EXERCISE
An exact copy is the goal: every line from the one containing "Quoizel One Light Outdoor Wall Mount" to the end of the material below, pictures excluded.

DATASET SECTION
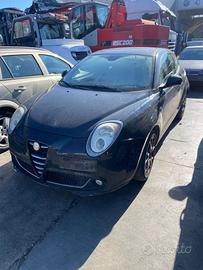 RICAMBI USATI AUTO ALFA ROMEO Mito Serie (955_) 1.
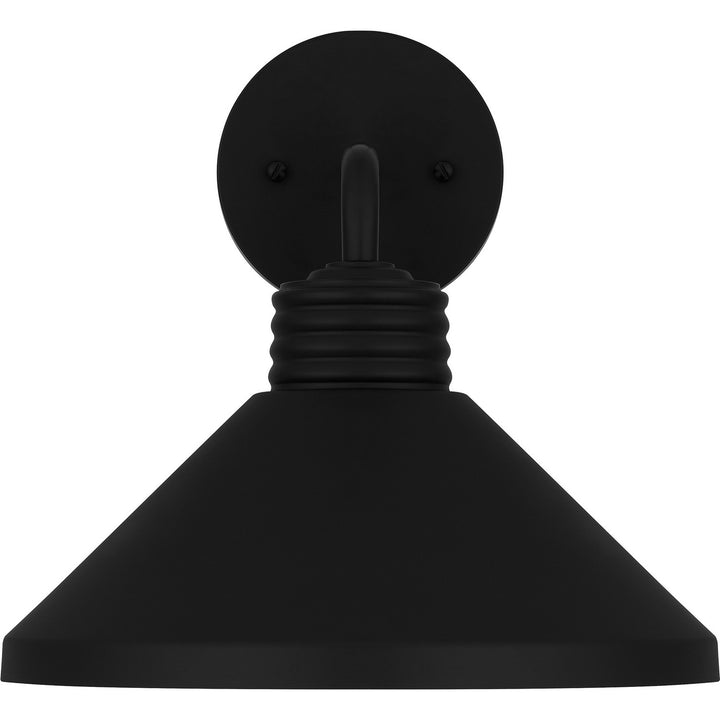 Quoizel One Light Outdoor Wall Mount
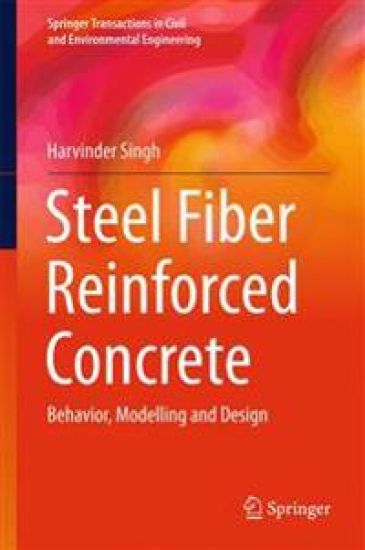 Steel Fiber Reinforced Concrete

OUTPUT FOR THIS TASK
 Quoizel One Light Outdoor Wall Mount
 Steel Fiber Reinforced Concrete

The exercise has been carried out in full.